Once the images are set aside, output the listing exactly as it stands.

::: The data

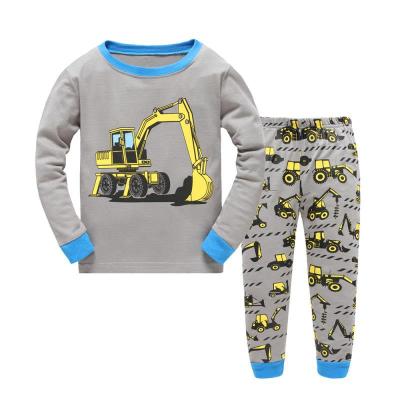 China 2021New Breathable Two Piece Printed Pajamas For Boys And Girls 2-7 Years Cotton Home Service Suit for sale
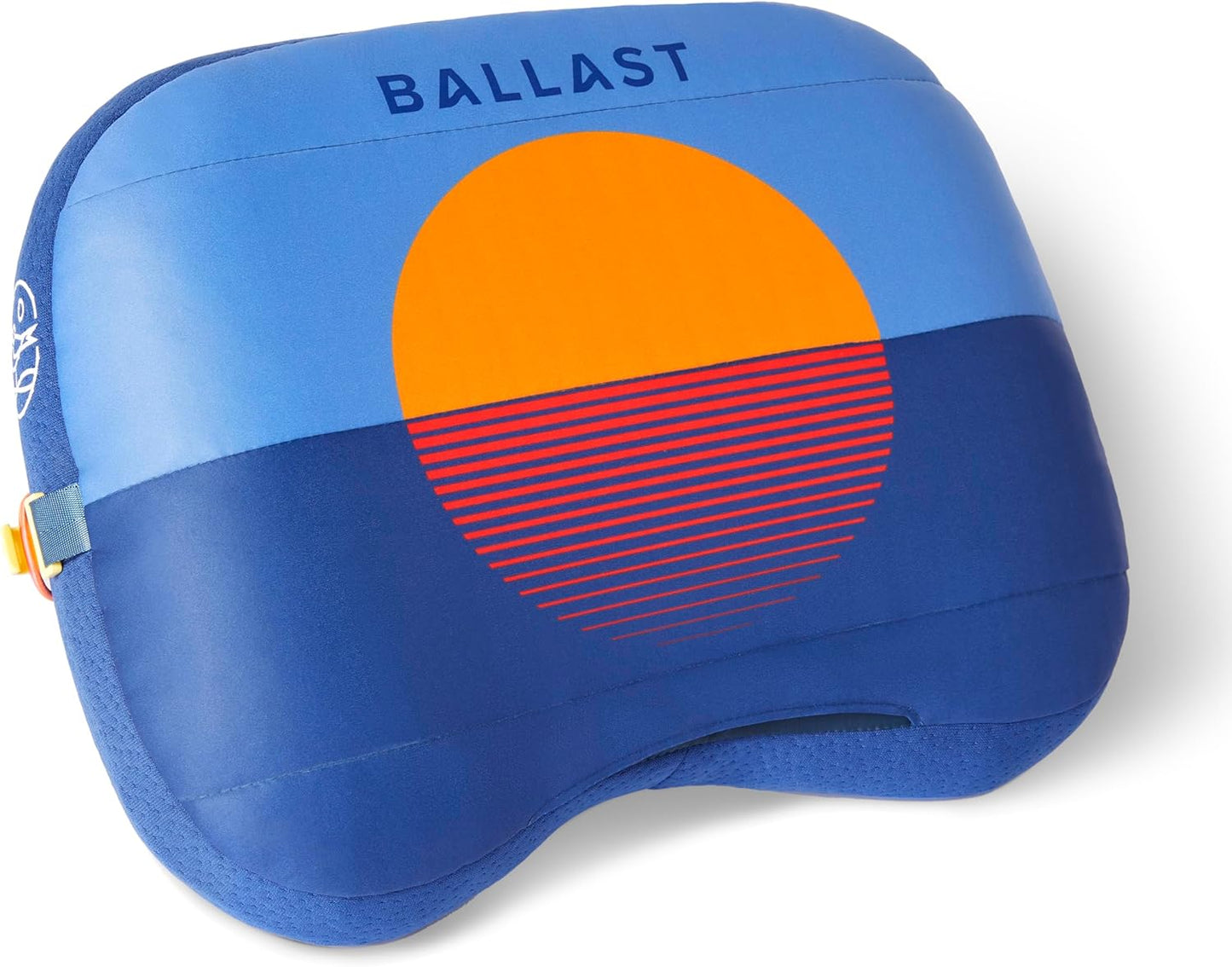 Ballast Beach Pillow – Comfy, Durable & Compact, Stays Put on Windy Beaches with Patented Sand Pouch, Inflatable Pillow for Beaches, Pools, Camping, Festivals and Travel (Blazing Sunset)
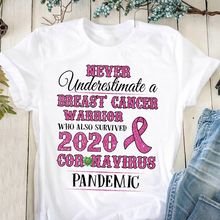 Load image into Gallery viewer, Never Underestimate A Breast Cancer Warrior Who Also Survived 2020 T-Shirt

::::::

## Output of the task
 China 2021New Breathable Two Piece Printed Pajamas For Boys And Girls 2-7 Years Cotton Home Service Suit for sale
 Ballast Beach Pillow – Comfy, Durable & Compact, Stays Put on Windy Beaches with Patented Sand Pouch, Inflatable Pillow for Beaches, Pools, Camping, Festivals and Travel (Blazing Sunset)
 Load image into Gallery viewer, Never Underestimate A Breast Cancer Warrior Who Also Survived 2020 T-Shirt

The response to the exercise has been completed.